(Image-caption web data)
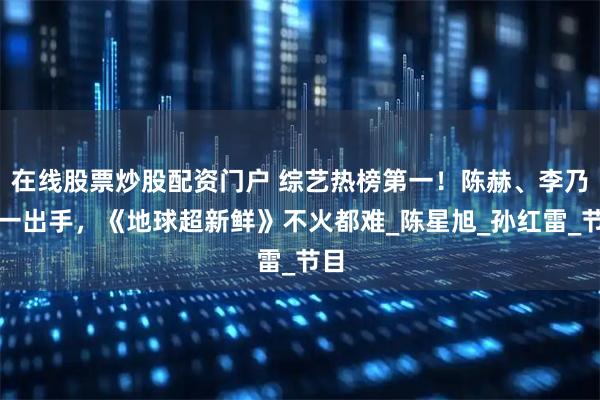 在线股票炒股配资门户 综艺热榜第一！陈赫、李乃文一出手，《地球超新鲜》不火都难_陈星旭_孙红雷_节目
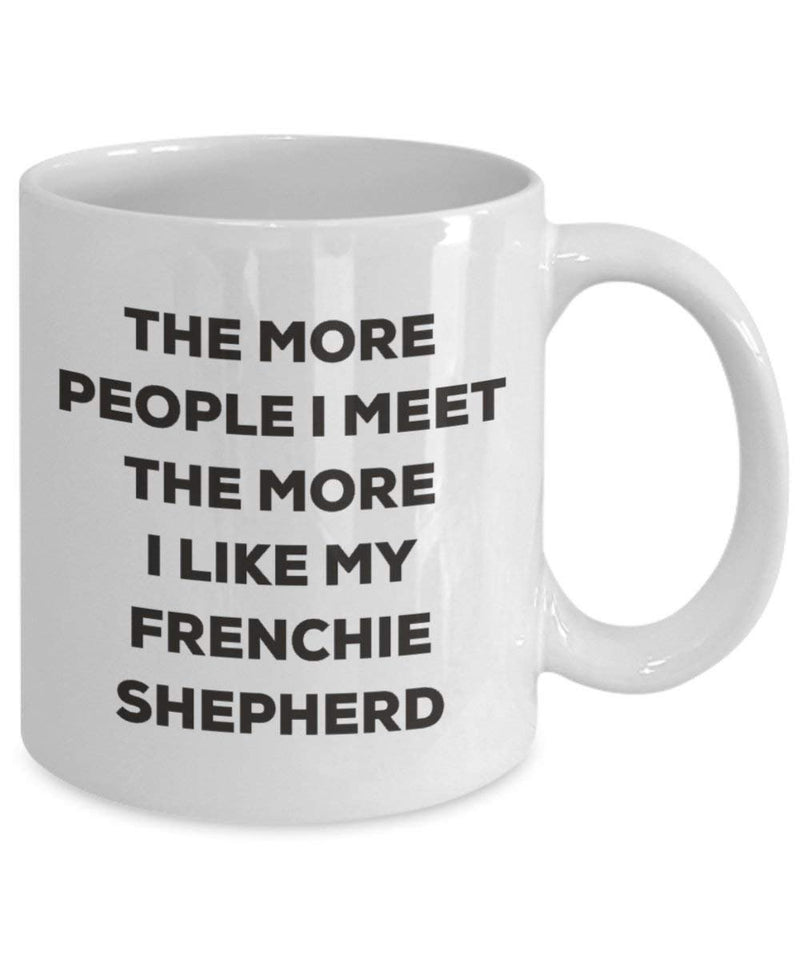 The more people I meet the more I like my Frenchie Shepherd Mug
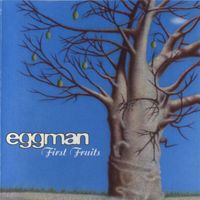 Eggman - First Fruits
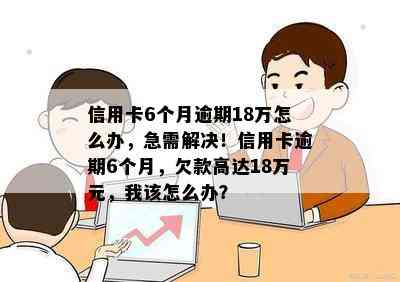 信用卡6个月逾期18万怎么办，急需解决！信用卡逾期6个月，欠款高达18万元，我该怎么办？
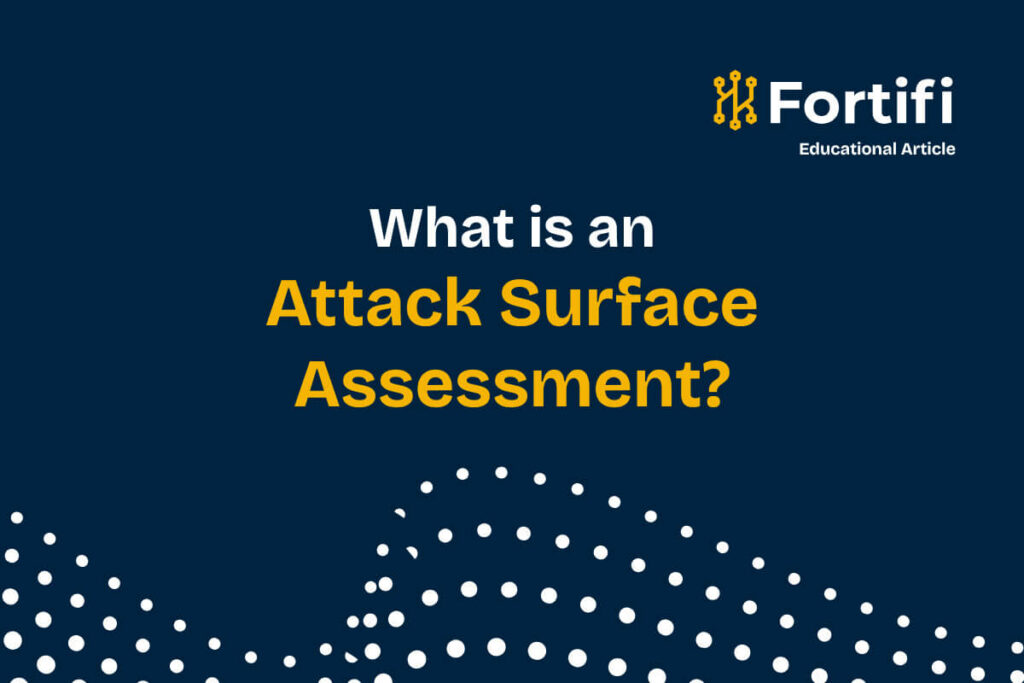 Fortifi blog header titled “What is an Attack Surface Assessment?” with digital circuit logo and dotted graphic pattern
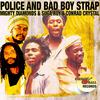 Suga Roy - Police And Bad Boy Strap (feat. Mighty Diamonds)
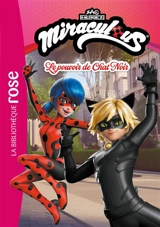 Miraculous : nouvelles histoires. Vol. 4. Le pouvoir de Chat noir - Catherine Kalengula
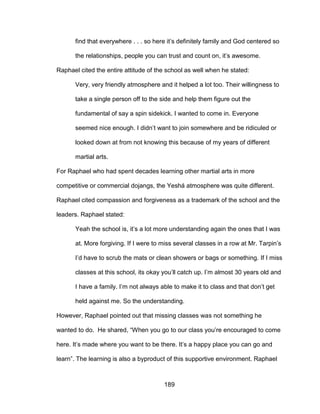 189
find that everywhere . . . so here it’s definitely family and God centered so
the relationships, people you can trust and count on, it’s awesome.
Raphael cited the entire attitude of the school as well when he stated:
Very, very friendly atmosphere and it helped a lot too. Their willingness to
take a single person off to the side and help them figure out the
fundamental of say a spin sidekick. I wanted to come in. Everyone
seemed nice enough. I didn’t want to join somewhere and be ridiculed or
looked down at from not knowing this because of my years of different
martial arts.
For Raphael who had spent decades learning other martial arts in more
competitive or commercial dojangs, the Yeshá atmosphere was quite different.
Raphael cited compassion and forgiveness as a trademark of the school and the
leaders. Raphael stated:
Yeah the school is, it’s a lot more understanding again the ones that I was
at. More forgiving. If I were to miss several classes in a row at Mr. Tarpin’s
I’d have to scrub the mats or clean showers or bags or something. If I miss
classes at this school, its okay you’ll catch up. I’m almost 30 years old and
I have a family. I’m not always able to make it to class and that don’t get
held against me. So the understanding.
However, Raphael pointed out that missing classes was not something he
wanted to do. He shared, “When you go to our class you’re encouraged to come
here. It’s made where you want to be there. It’s a happy place you can go and
learn”. The learning is also a byproduct of this supportive environment. Raphael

◆ TASK
The answer should be an exact restatement of every entry, with the pictures omitted.

◆ THE ANSWER
 在线股票炒股配资门户 综艺热榜第一！陈赫、李乃文一出手，《地球超新鲜》不火都难_陈星旭_孙红雷_节目
 The more people I meet the more I like my Frenchie Shepherd Mug
 Eggman - First Fruits
 信用卡6个月逾期18万怎么办，急需解决！信用卡逾期6个月，欠款高达18万元，我该怎么办？
 Fortifi blog header titled “What is an Attack Surface Assessment?” with digital circuit logo and dotted graphic pattern
 Suga Roy - Police And Bad Boy Strap (feat. Mighty Diamonds)
 Miraculous : nouvelles histoires. Vol. 4. Le pouvoir de Chat noir - Catherine Kalengula
 189
find that everywhere . . . so here it’s definitely family and God centered so
the relationships, people you can trust and count on, it’s awesome.
Raphael cited the entire attitude of the school as well when he stated:
Very, very friendly atmosphere and it helped a lot too. Their willingness to
take a single person off to the side and help them figure out the
fundamental of say a spin sidekick. I wanted to come in. Everyone
seemed nice enough. I didn’t want to join somewhere and be ridiculed or
looked down at from not knowing this because of my years of different
martial arts.
For Raphael who had spent decades learning other martial arts in more
competitive or commercial dojangs, the Yeshá atmosphere was quite different.
Raphael cited compassion and forgiveness as a trademark of the school and the
leaders. Raphael stated:
Yeah the school is, it’s a lot more understanding again the ones that I was
at. More forgiving. If I were to miss several classes in a row at Mr. Tarpin’s
I’d have to scrub the mats or clean showers or bags or something. If I miss
classes at this school, its okay you’ll catch up. I’m almost 30 years old and
I have a family. I’m not always able to make it to class and that don’t get
held against me. So the understanding.
However, Raphael pointed out that missing classes was not something he
wanted to do. He shared, “When you go to our class you’re encouraged to come
here. It’s made where you want to be there. It’s a happy place you can go and
learn”. The learning is also a byproduct of this supportive environment. Raphael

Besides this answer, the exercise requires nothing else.